I have tried to classify noise in a paper on the Semisupervised classification of audio noise in 2010. The idea there was to train a speech recognizer on different types of noise. Then we could utilize the right type of speech recognizer if we can determine the type of noise. That approach did not go too far, since I was not able to classify all the noises accurately.

This article is about a simpler attempt. Even if a speech recognizer does not recognize everything, it may be still possible to reconstruct the intended input. We have tried this approach on correcting errors from the Google recognizer. I wanted to find out what happens if we tried to recover the intended input from whatever the Google recognizer manages to output. In another article Improving the Google speech recognizer we had described the procedure for recovering from some errors. I will apply the same technique here to some noisy speech samples.

Test data

As in the earlier paper I used the Noizeus corpus from the University of Texas at Dallas. The data is described in the paper: Hu, Y. and Loizou, P. (2007). “Subjective evaluation and comparison of speech enhancement algorithms,” Speech Communication, 49, 588-601. Please cite this reference if you publish anything using this corpus.

The data can be downloaded form the above link. It consists of thirty recordings in various forms. There is a clean version with no noise. The noisy samples are provided with eight types of noise and signal to noise ratios of 0dB, 5dB, 10dB and 15dB (the 0dB is the most noisy. The 15dB samples are the least noisy and provide the best speech recognition results. Thus altogether there are 990 wav files in the collection.


To use the sample program, download the sample code. This includes a directory called data. If you download the audio files as above, then place them in the appropriate directory in data/audio. To show where files should go, I have put one audio file, sp01.wav, in data/audio/clean.

This requires version 0.7 of the Jaivox library. You can download it here.

I tested whether the Google recognizer can recognize noisy speech by passing the sound files through the recognizer (as we had done earlier with a larger set of sentences.)

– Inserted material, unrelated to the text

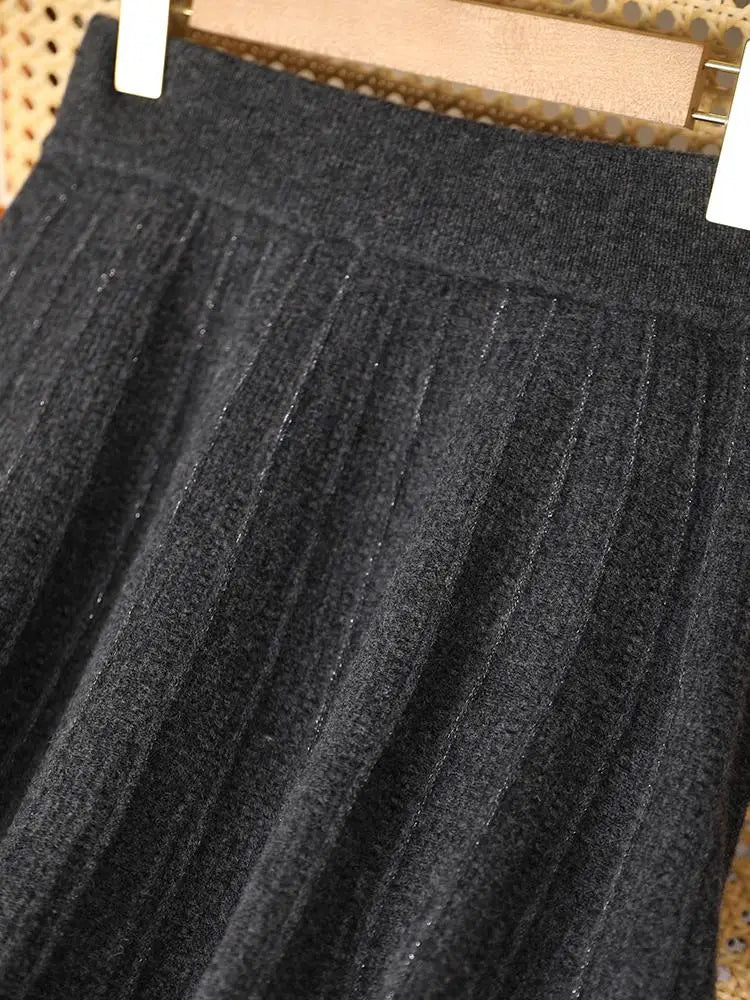 Women's Wool Skirts A-Line Pleated Cashmere Skirt Autumn Winter Elastic Waist 100% Merino Wool Knitted Bright Silk Style Dress PlatiNum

The code consists of two functions and The latter file creates recognition results for each audio file. Results for all audio files with the same noise type and noise level are placed into the same text file in data/asr. For example data/asr/restaurant_15.txt contains the results of processing each of the thirty noisy recordings containing restaurant noise.

Since it takes a long time to run each of the recordings through the Google recognizer, I have collected all of the results I obtained in appropriate files. I have not processed 0dB examples since even 5dB is mostly not recognized at all.


The table below shows the recognition errors for each type of data and each noise level. We first note the number of samples containing any error at all. Since many errors can be corrected with our phonetic matching method, the last column shows the number of errors after the errors are corrected in this way.

Without correction the results are pretty dismal. There are 30 sentences. For example with 15dB of airport noise 9/10 of them had at least one error. This is far worse than the 40% error expected.

We can correct some of the errors using a phonetic matching, knowing that each of the recordings are one of a known set of 30 sentences. With this correction, we get 6/30 errors, i.e. 1/5 or 20%. This is better than the expected 40%, but note that we are using some extra information about the recordings.

The full table is shown below.

Type SNR Errors After correction
airport 15dB 27 6
babble 15dB 27 7
car 15dB 28 9
exhibition 15dB 28 9
restaurant 15dB 27 6
station 15dB 28 7
street 15dB 28 11
train 15dB 29 11
airport 10dB 29 18
babble 10dB 29 21
car 10dB 29 22
exhibition 10dB 29 19
restaurant 10dB 30 20
station 10dB 30 20
street 10dB 29 19
train 10dB 30 23
airport 5dB 30 30
babble 5dB 30 30
car 5dB 30 29
exhibition 5dB 30 29
restaurant 5dB 30 28
station 5dB 30 29
street 5dB 30 30
train 5dB 30 30

The table shows that noisy speech is hard to recognize. With 5dB noise almost everything is incorrect, even after the above correction attempt. We can recover about 1/3 of the errors in the case of 10dB noise.